• _Data_:
====
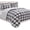 Gray/White, variant on Elegant Comfort Reversible Checkered Queen Comforter Set Burgundy/Black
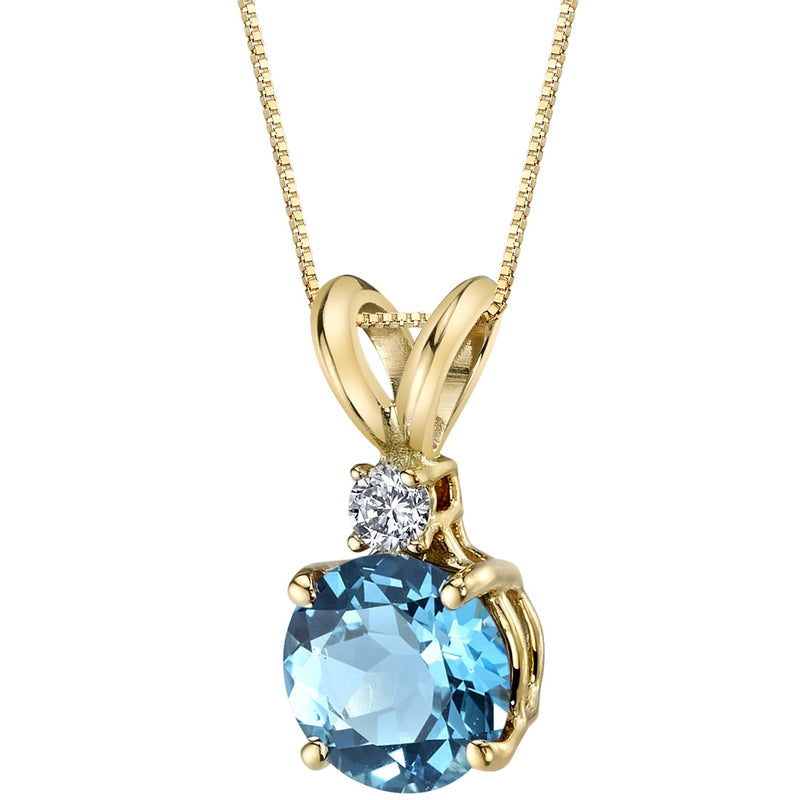 Swiss Blue Topaz and Diamond Pendant Necklace 14K Yellow Gold 1.25 Carat Round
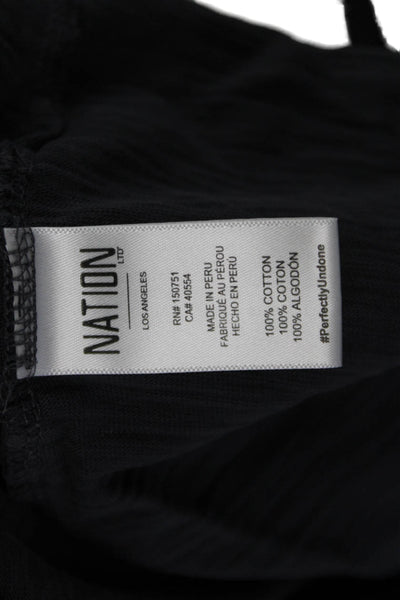 Nation LTD Womens Cotton Short Sleeve Round Neck Casual Top Gray Size M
====
Keep the pictures out of your copy. Copy only the lines from the line that holds "Swiss Blue Topaz" through the last line of the listing above, both included.

• _Result below_:
 Swiss Blue Topaz and Diamond Pendant Necklace 14K Yellow Gold 1.25 Carat Round
 Nation LTD Womens Cotton Short Sleeve Round Neck Casual Top Gray Size M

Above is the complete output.